Wednesday, April 30, 2014

Sustainable economy: Salvation gets cheap

Paul Krugman wrote an important column on the economy and environmental sustainability titled, Salvation gets cheap.

This is based on the IPCC’s recent report that suggests a green technological revolution is happening, especially in solar energy which has dropped 75% since 2008.

Sustainable market economy

Krugman debunks the fallacy that economic growth is tied to pollution and resource extraction.

Fact is, it’s possible to have an economy that is based 100% on renewable energy and recyclable materials. We just need to develop the right government regulations.

Under such an economy, we can have indefinite economic growth (increasing individual wealth) without any adverse effects.

Centrist system

What’s required is the centrist, Keynesian economic system we used in the post-WW2 era.

It works in two ways: first “big government” spending on infrastructure projects and social programs creates jobs and redistributes wealth so all segments of society benefit from GDP growth (wealth creation) and productivity growth (machines doing more of the work.)

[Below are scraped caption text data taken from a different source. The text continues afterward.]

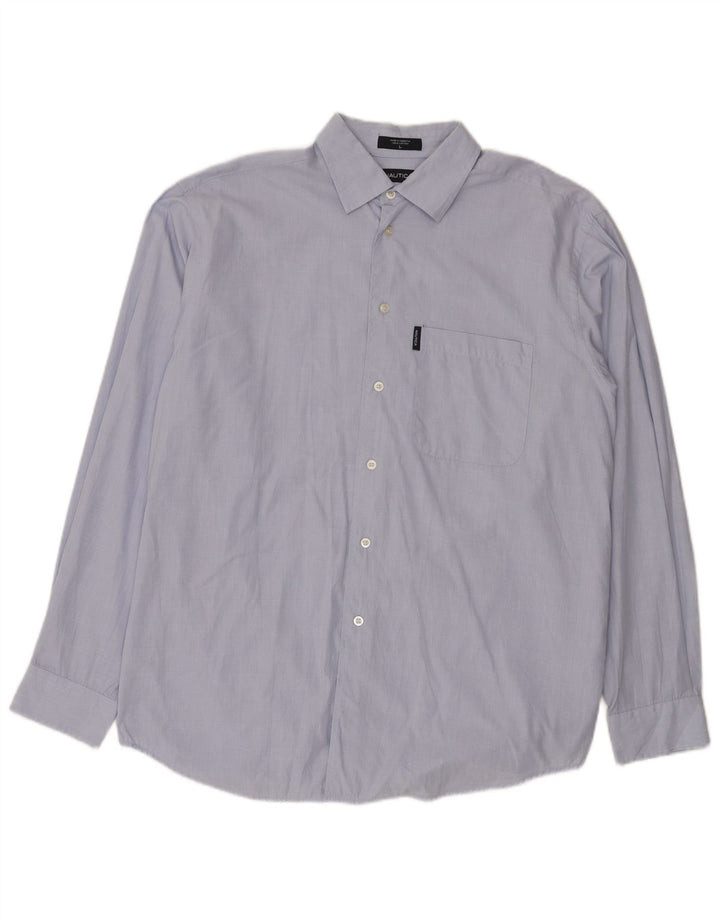 Nautica Mens Shirt Large Blue Check Cotton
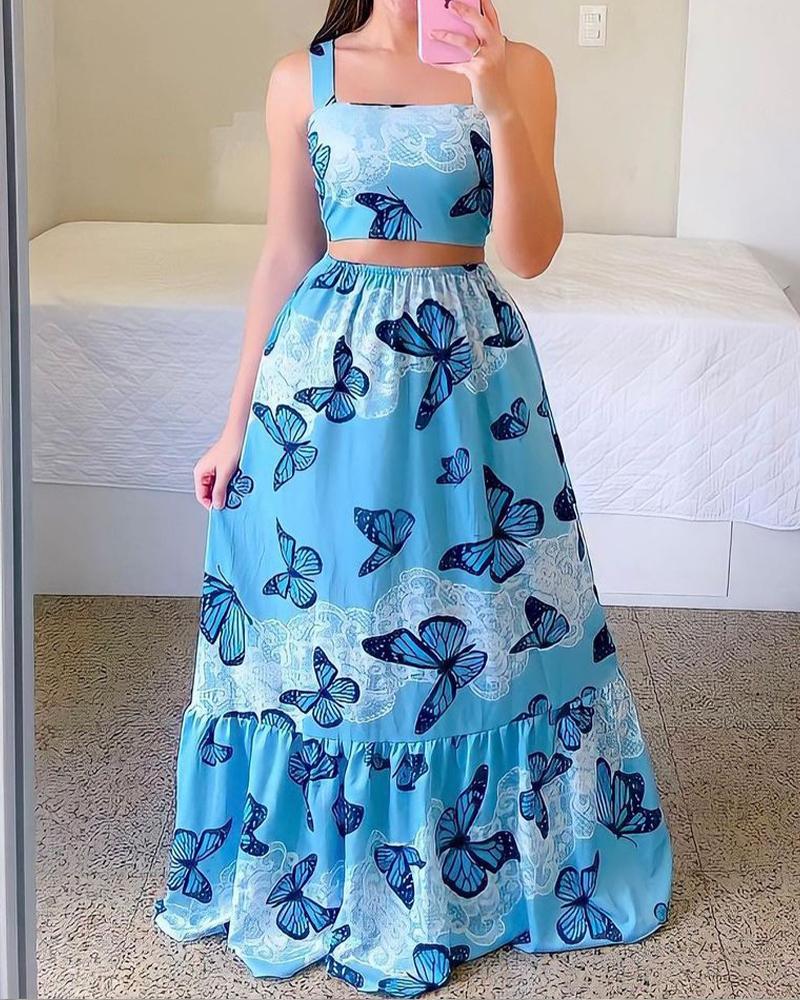 

Butterfly Print Cami Crop Top & Skirt Set, Blue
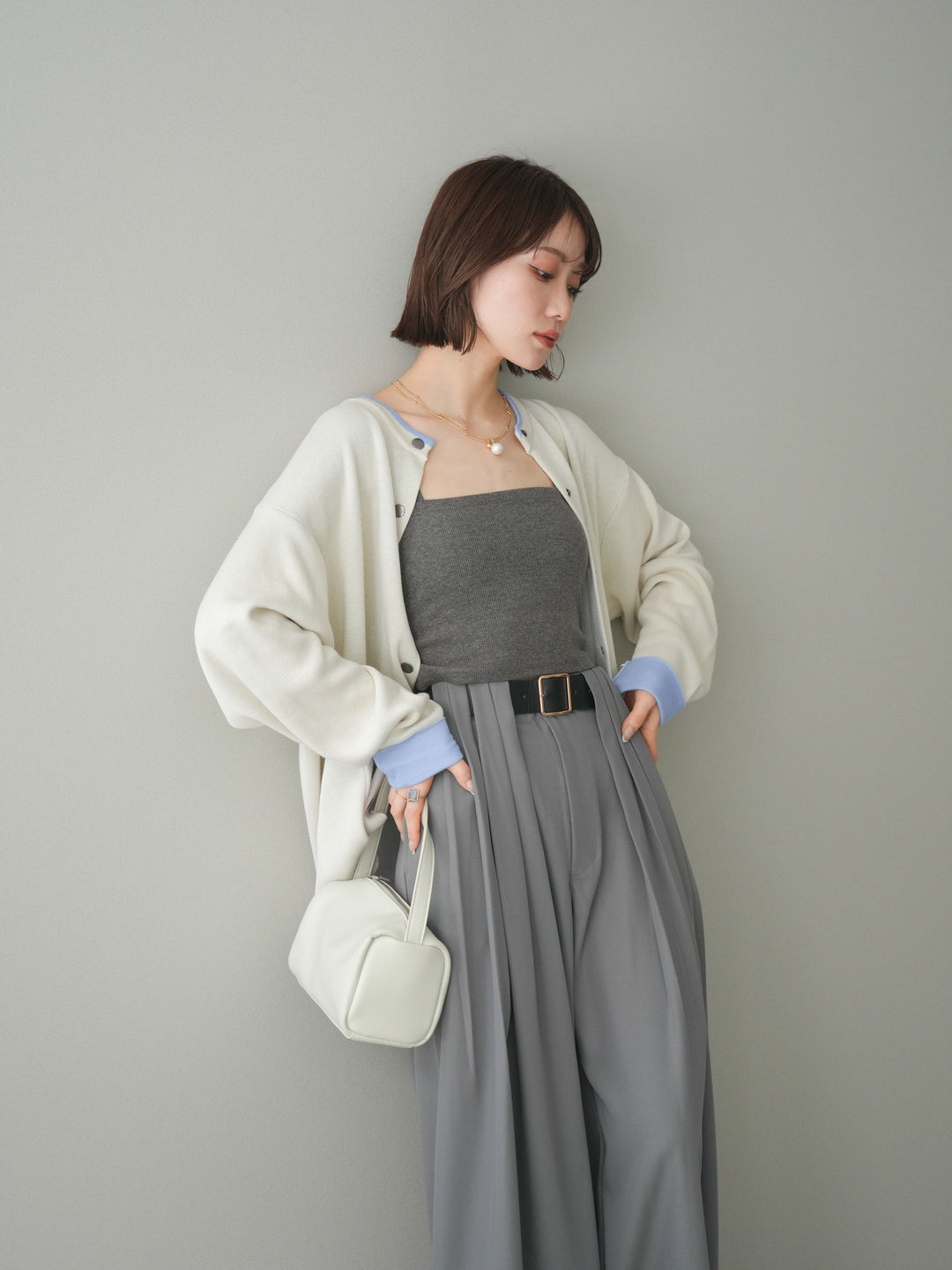 [SET]バイカラーオーバーニットカーディガン+タックベルトループワイドパンツ(2set)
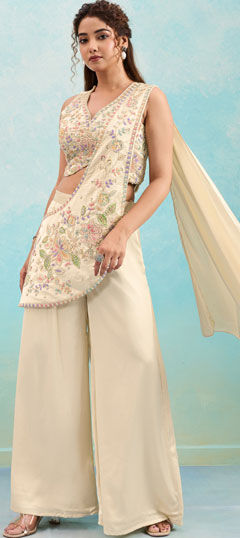 Purple and Violet color Salwar Kameez in Georgette fabric with Embroidered, Resham, Sequence, Thread work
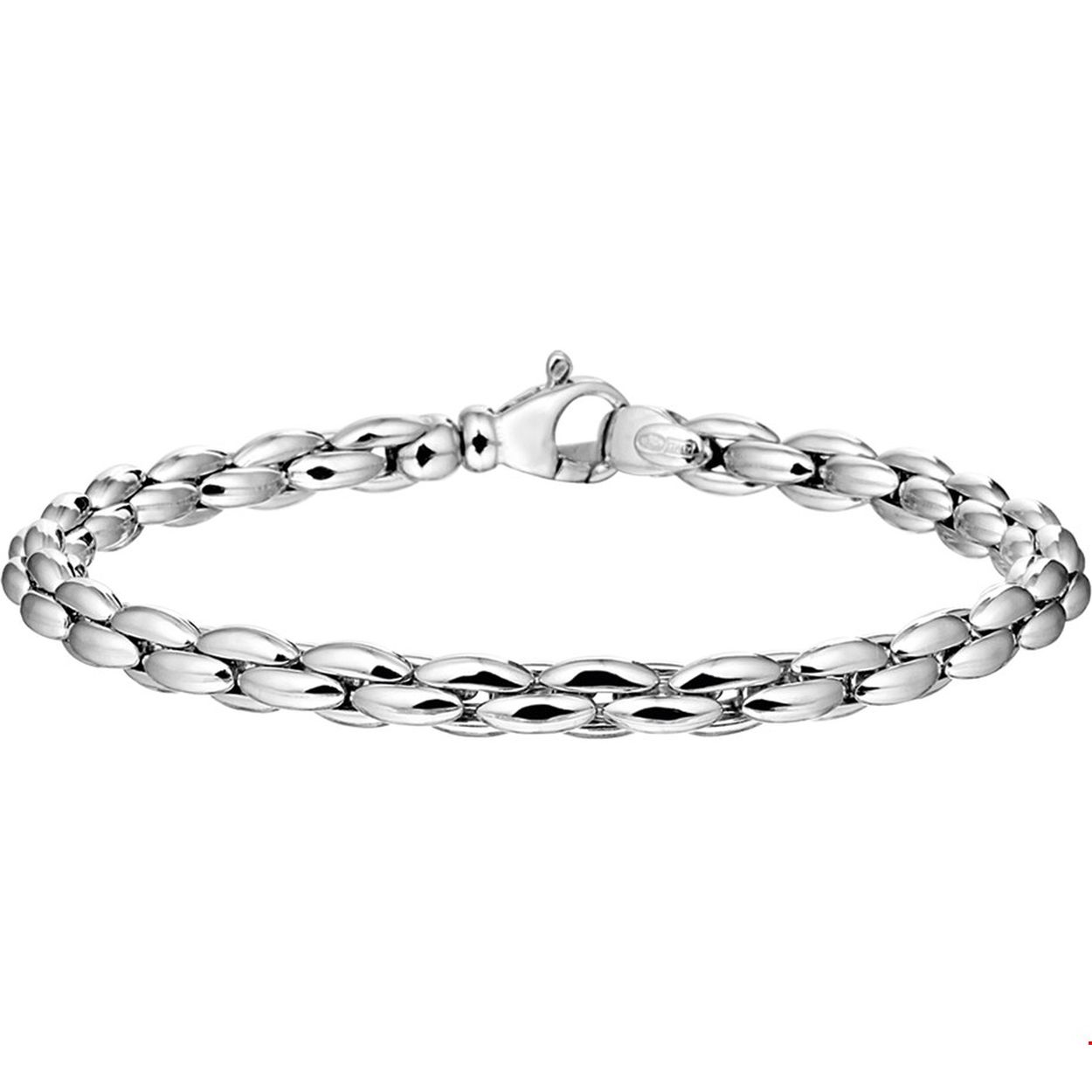 Beschrijving: Gerhodineerd zilveren armband met fantasie schakel. 
Verpakt per: 1
Doelgroep: dames
Breedte: 5 mm
Langste lengte: 19.5 mm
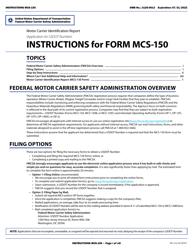 Form MCS-150 Motor Carrier Identification Report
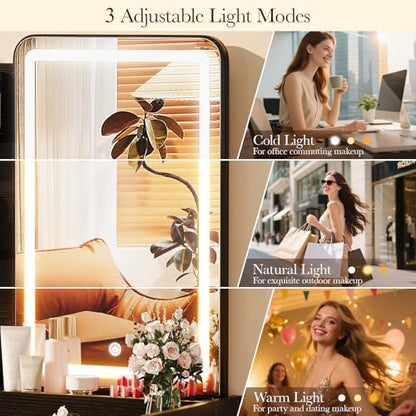 Memobarco Small Vanity Desk with Mirror and Lights, Makeup Vanity with Drawer & Storage Shelves, Vanity Desk with 3 Lighting Modes & Adjustable Brightness, Dressing Table for Women Girls, Black - color: Black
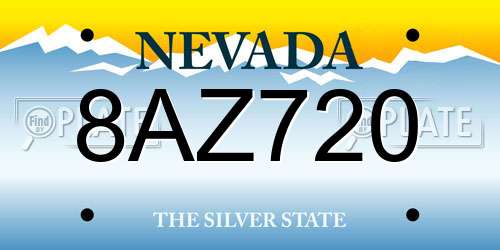 8AZ720 Nevada License Plate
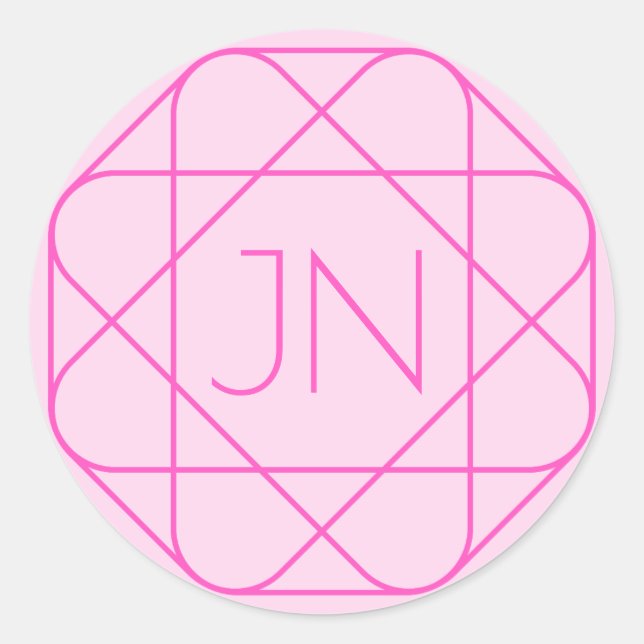 Cooles Monogramm, Angesagter Logo-Stil | Rosa und  Runder Aufkleber (Vorderseite)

Second, strong regulations and infrastructure spending on green energy projects and mass transit make the economy increasingly sustainable.

Free-market nihilism

The real threat to humanity is the right-wing, free-market ideology that has plagued us over the past 30 years. It’s based on economic anarchy: that is, people acting on greed and self-interest somehow balances itself out. This nihilist philosophy is not only self-serving, it’s self-destructive.

Conclusion

In order for society to act responsibly we need the right economic system to govern our mass behaviors. The centrist Keynesian system gives us the right tools to clean up our act while preserving our democratic freedoms.

Krugman

Other things equal, more G.D.P. [economic growth] tends to mean more pollution. ... But other things don’t have to be equal. There’s no necessary one-to-one relationship between growth and pollution.
People on both the left and the right often fail to understand this point. ... On the left, you sometimes find environmentalists asserting that to save the planet we must give up on the idea of an ever-growing economy; on the right, you often find assertions that any attempt to limit pollution will have devastating impacts on growth. But there’s no reason we can’t become richer while reducing our impact on the environment. ...
The sensible position ... has always been that ... if we give corporations and individuals an incentive to reduce greenhouse gas emissions, they will respond.
So is the climate threat solved? Well, it should be. The science is solid; the technology is there; the economics look far more favorable than anyone expected. All that stands in the way of saving the planet is a combination of ignorance, prejudice and vested interests.